Some of the information contained in this presentation contains “forward-looking statements” which may not directly or exclusively relate to historical facts. These forward-looking statements reflect the current intentions, plans, expectations, assumptions and beliefs of Southern Cross Electrical Engineering Limited (“SCEE”) about future events and are subject to risks, uncertainties and other factors, many of which are outside the control of SCEE.

Important factors that could cause actual results to differ materially from the expectations expressed or implied in the forwardlooking statements include known and unknown risks. Because actual results could differ materially from SCEE's current intentions, plans, expectations, assumptions and beliefs about the future, you are urged to view all forward-looking statements contained in this presentation with caution and not to place undue reliance on them. No representation is made or will be made that any forward looking statements will be achieved or will prove to be correct. SCEE does not undertake to update or revise any forward looking statement, whether as a result of new information, future events or otherwise.
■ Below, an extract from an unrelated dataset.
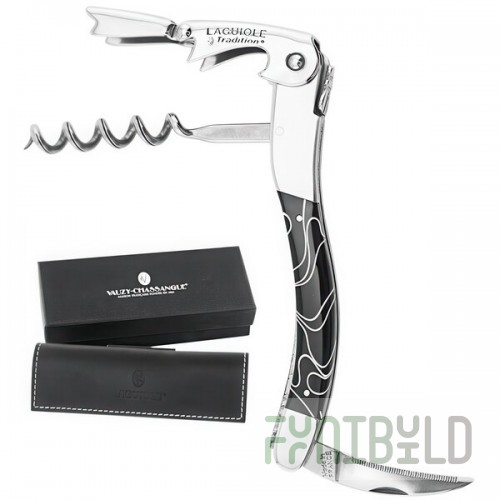 Laguiole Tradition Black with Lines Plexi Waiter's Corkscrew 3459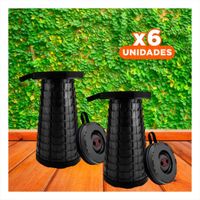 Pack6 Taburete durable plegable 3 seguros portatiles tapa negro centro negro Y+Papel Regalo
This presentation is for information purposes only and is not financial product or investment advice or a recommendation to acquire SCEE shares and has been prepared without taking into account the objectives, financial situation or needs of the reader. Before making an investment decision prospective investors should consider the appropriateness of the information having regard to their own objectives, financial situation and needs and seek the appropriate professional advice.